We had a great morning recording on the island of Hawai’i – we met Lokelani Dahl and she shared with us a few Hawaiian Oli (chants). The Hawaiian language was not written down until the 1820’s and so before this time there way of preserving history was through the use of songs, chants, and poems.
The instrument being played is called an Ipu Heke, a key instrument in Hula, providing rhythm and sound for the chant and dancers. They are made from two different sized gourds cut from a vine that is harvested once a year.

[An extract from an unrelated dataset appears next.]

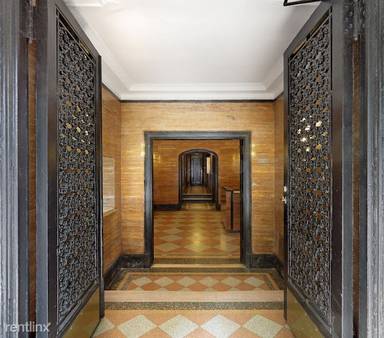Main picture of 115 W 86th St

Lokelani Dahl tells the story behind the chant – “This is a mele inoa (name chant) for Kamehameha I, that was inherited by his son, Liholiho. This is a tale of the Kïpu`upu`u, a band of runners whose name is taken from the cold wind of Mauna Kea that blows at Waimea on the big island of Hawai`i. They were trained in spear fighting and went to the woods of Mahiki, a woodland in Waimea haunted by demons and spooks, and Waikä to strip the bark of saplings to make spears. Hole means to handle roughly, strip or caress passionately. In the forest they sang of love, not of work or war. Hanakahi is the district on the Hamakua side of Hilo, named for a chief whose name means profound peace. Malanai is the name of gentle wind. Pua o Koai`e is the blossom of the Koai`e tree that grows in the wild, a euphemism for delicate parts. Parts of this old chant, full of double entendre or kaona, was set to music by John Spencer and entitled Waikä.”
“Name chants, or mele inoa, were composed for mostly for the chiefly class in ancient Hawai‘i. These chants honor each individual chief or chiefess and their various attributes. Whether about the beauty of the ali‘i or about the great deeds of the ali‘i, the mele inoa is one of the highest forms of honor. By proclaiming the wondrous deeds of an ali‘i also would elevate the status of an ali‘i in the eyes of the public.” (Jonah La‘akapu Lenchanko, Hawaiian Language, Kamehameha Schools, KS Kapālama).